[TASK TO COMPLETE] Each line below from the line with "dog-friendly wedding details, fire" to the line with "COOFANDY Men’s Velvet" must be copied exactly, including those two, and no picture may appear in the copy.

[LISTED RECORDS]

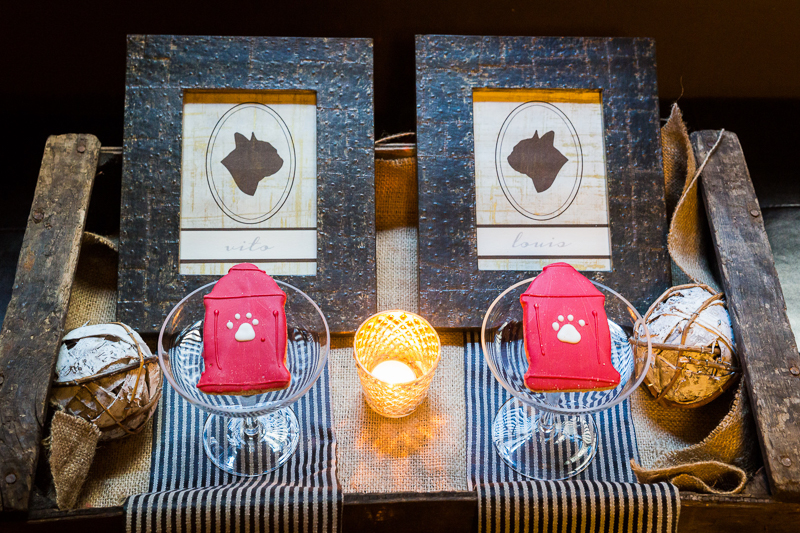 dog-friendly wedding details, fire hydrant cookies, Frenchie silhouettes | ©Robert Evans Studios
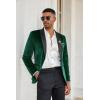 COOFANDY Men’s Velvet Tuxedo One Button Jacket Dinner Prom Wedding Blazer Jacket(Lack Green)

---

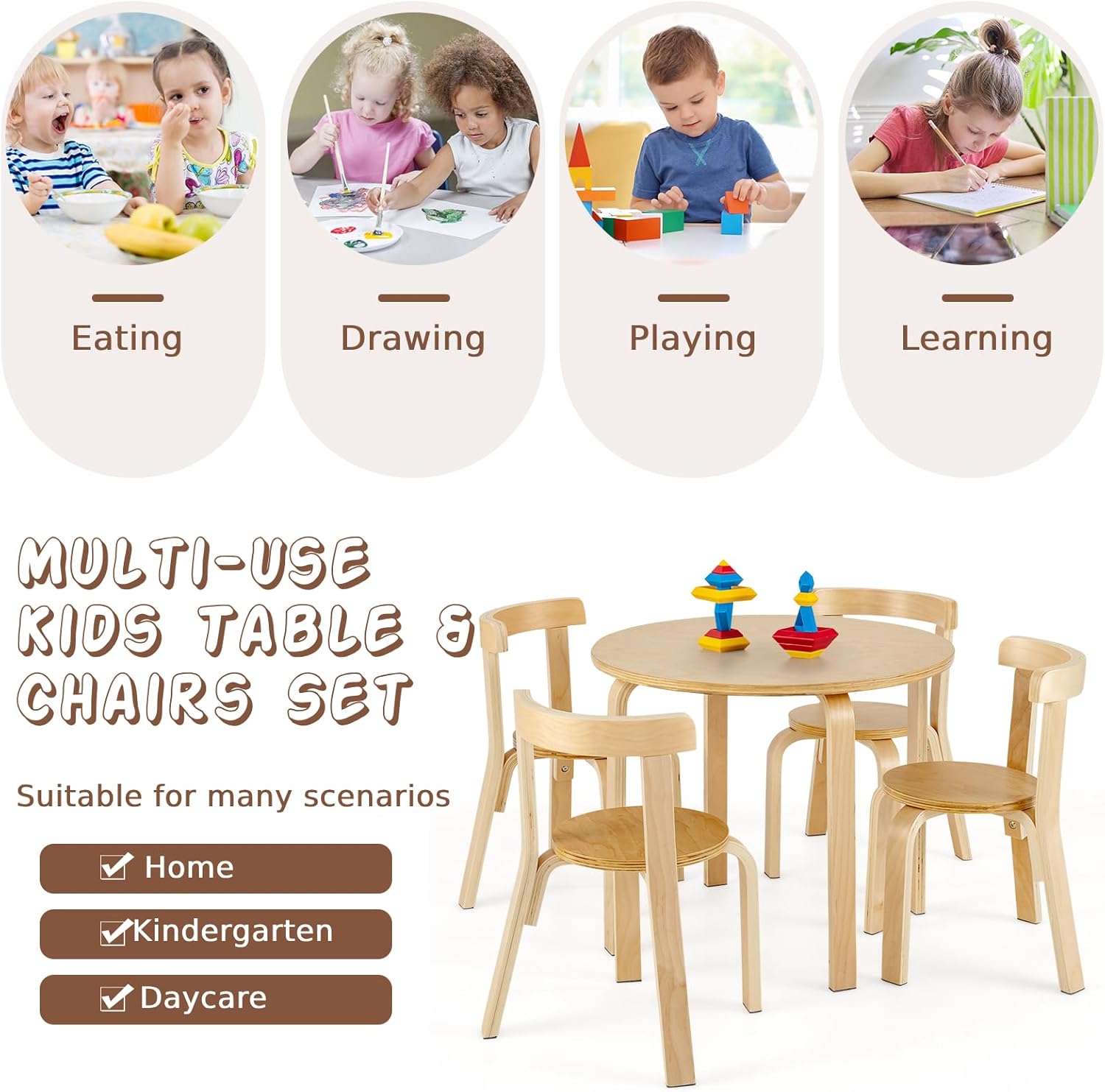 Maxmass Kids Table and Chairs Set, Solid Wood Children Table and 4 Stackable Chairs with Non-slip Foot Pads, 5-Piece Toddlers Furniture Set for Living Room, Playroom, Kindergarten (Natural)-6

[ANSWER SECTION]
 dog-friendly wedding details, fire hydrant cookies, Frenchie silhouettes | ©Robert Evans Studios
 COOFANDY Men’s Velvet Tuxedo One Button Jacket Dinner Prom Wedding Blazer Jacket(Lack Green)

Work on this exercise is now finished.